Several studies also have looked at the effect of STDs on seminal HIV. Two case reports showed that treatment of chlamydial urethritis 61 and gonococcal or nongonococcal urethritis 62 reduced seminal HIV. In a study comparing seminal HIV in patients with and those without urethritis, the viral load was approximately eight times higher in the men with urethritis. 63 It was higher in patients with gonorrhea than in those with nongonococcal urethritis, but both groups responded with a reduction after antibiotic treatment. Seminal viral load was reduced threefold after 2 weeks of treatment.

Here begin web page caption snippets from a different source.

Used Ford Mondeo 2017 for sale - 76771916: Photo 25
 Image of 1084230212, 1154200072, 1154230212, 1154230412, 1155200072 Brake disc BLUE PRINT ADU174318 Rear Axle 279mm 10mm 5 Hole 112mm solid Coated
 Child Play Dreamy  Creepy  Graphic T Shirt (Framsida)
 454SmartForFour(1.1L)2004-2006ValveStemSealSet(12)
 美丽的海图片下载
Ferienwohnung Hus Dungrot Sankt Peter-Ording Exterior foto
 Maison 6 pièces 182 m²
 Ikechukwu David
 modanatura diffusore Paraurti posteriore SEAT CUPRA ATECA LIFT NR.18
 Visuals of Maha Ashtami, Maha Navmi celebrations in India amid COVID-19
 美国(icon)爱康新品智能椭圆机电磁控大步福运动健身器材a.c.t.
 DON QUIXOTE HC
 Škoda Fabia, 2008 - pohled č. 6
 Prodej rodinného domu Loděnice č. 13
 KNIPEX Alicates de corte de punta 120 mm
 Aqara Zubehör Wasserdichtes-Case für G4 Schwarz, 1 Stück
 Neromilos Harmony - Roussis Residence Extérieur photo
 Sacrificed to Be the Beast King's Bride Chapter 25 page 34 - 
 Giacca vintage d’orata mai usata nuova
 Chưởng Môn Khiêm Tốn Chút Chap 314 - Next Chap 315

On the basis of the reported linear correlation between blood and seminal viral load 64,65 and the 2.45 relative risk of seroconversion for each log increment in blood viral load, 53 the infectiousness caused by urethritis can be estimated as increased 1.5- to 2.2-fold, with the first estimate based on the effect from 2 weeks of treatment, and the second on the difference between the urethritis and control groups. This magnitude of effect accords with estimates from the discordant couple studies. Seminal viral load was increased in symptomatic but not in asymptomatic trichomonas urethritis. 63,66 Asymptomatic urethritis indicated by seminal leukocytosis was, however, associated with HIV seminal shedding. 67–69 Seminal viral load also was increased in patients with nongonococcal urethritis who had concomitant GUD. 70
Early studies found an association between cervical pus or inflammation and detection of cervical HIV. 71,72 A study of 223 pregnant women found a significant association between cervical HIV and cervical pus, but no association with gonorrhea or chlamydia. 73 An association between vaginal HIV and vaginal discharge also was observed, but no effect of trichomoniasis, candidiasis, or bacterial vaginosis. Another large study found that gonorrhea and cervical inflammation, but not chlamydia, were associated with endocervical HIV, whereas vaginal inflammation and candidiasis, but not trichomoniasis or bacterial vaginosis, were related to vaginal HIV shedding. 74 In a study of 604 women, detection of HIV in samples of cervicovaginal lavage was found to be associated with gonorrhea, chlamydia, and cervicovaginal ulcers, but not with trichomoniasis, syphilis, cervical pus, or vaginal discharge. 75 Although bacterial vaginosis was not related to increased HIV shedding in the aforementioned studies, a recently characterized factor that increases HIV replication has been found in cervicovaginal lavage samples. 76–78 This factor has been linked to bacterial vaginosis–associated, flora-like Mycoplasma hominis and Gardenerella vaginalis. 79–81 Such a factor may be implicated in both increased infectiousness and susceptibility. On the basis of these qualitative and somewhat conflicting results, a quantitative assessment of the effects that STDs have on the infectiousness of women is not possible.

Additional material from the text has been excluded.